We Are the World
I did not want to host the Earth Walks at my home that November 2 in 1998. As an Indigenous friend who had considered moving in as a housemate had said, there were “spirits” there that were not good. I had certainly seen evidence of that myself. I moved to Rio en Medio after I had to leave my Upper Canyon Road home since it was being sold. I could not find a rental in Santa Fe that I liked and the Rio en Medio location, though way above my price range, was in the country adjacent to an acequia (irrigation canal), orchards, a small pond and a small stream. I could see the Jemez Mountains from the place, which was to me the symbolic fire on the mountain” volcano that was part of the McKenzie Klan emblem on my mother’s side of the family. But once I moved to the house (actually a 5,000 square foot double wide mobile home that included an attached carport, full basement, two story greenhouse and studio) I discovered many negative aspects of the place.
Search as I did, I could not find another suitable location for the Earth Walks for Health weekend. There were to be people attending with serious health problems so I called our guide for the weekend, Maria Elena Orona to ask her advice. Maria Elena was of Mexican Huichol/Raramuri/Tahono O’odam ancestry and was considered a “dream healer.” She was also a devotee of the east Indian avatar Mata Amritanandamayi. I trusted her guidance implicitly. In truth, she told me, there are spirits moving everywhere, spirits that have not found their final resting place. We were to be doing a purification ceremony that she said would create a doorway of light for the spirits to pass through for their own peace and for our healing as well. I decided to offer my home, but little did I know what was to take place–on many levels.
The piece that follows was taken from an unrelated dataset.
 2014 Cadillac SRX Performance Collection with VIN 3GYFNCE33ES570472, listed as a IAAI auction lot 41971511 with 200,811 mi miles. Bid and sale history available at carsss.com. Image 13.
Maria explained that Winter Ceremony is a time of acknowledging, thanking and receiving the blessings of our ancestors and in so doing helping health and bring benefit to not only those souls and our own but those to come in the future. Those who came to this particular Earth Walks included a mother and her three daughters whose husband/father has passed about a year before and people from Indigenous, Hispanic as well as Anglo ancestry. We did several rituals with Maria Elena which were to “purify the mind,” and created an altar for our loved ones with their pictures, sharing flowers, candles and prayers. Dinner was delicious, a portion of which was first brought to the altar with a prayer by Maria Elena.
After the evening concluded, I felt a deep sense of peace not only for myself and the others but for the land we were on. It was my sense that this valley with its relatively constant source of water had been a place of intense struggle and conflict over time, at least since the coming of Europeans. When I first moved to Santa Fe, I was told as an outsider Anglo I would not be welcome. There had unfortunately also been a history of drug and alcohol abuse in the valley. By the time I moved here, much of that had changed, but I felt that the sad part of its history lingered in dark shadows and recesses.
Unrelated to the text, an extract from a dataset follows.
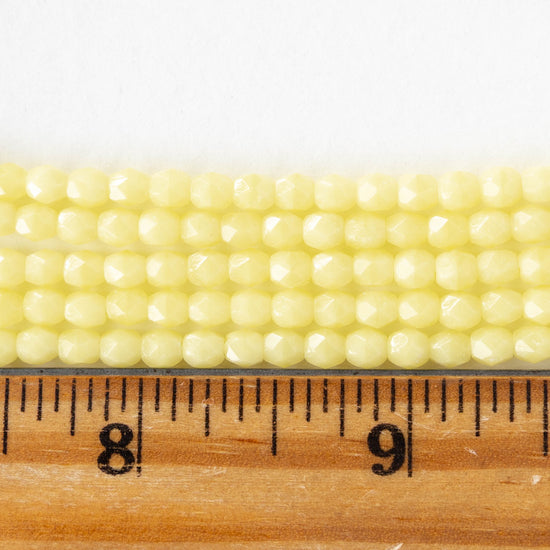 4mm Faceted Round Beads - Opaque Pale Yellow  - 50 beads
After the ceremony and all had gone to sleep, I walked into the open field below the house. The clouds parted and the moon emerged. I felt so positive about what had happened that I spontaneously broke into the song, “We Are the World.” https://www.youtube.com/watch?v=M9BNoNFKCBI It truly felt that the Winter Ceremony had helped to lift at least some of the disturbing energies of the valley that night. As Maria Elena said, “we helped open a portal through which these and other souls may be with God.” Just before that time, my father had passed and I felt the ceremony helped Daddy on his journey. It was the week of my birthday as well and I felt thankful for the gatherings with Earth Walks participants that had occurred and those that were to come. We are the world indeed and I prayed that the healing work that night in some way might be of benefit to others.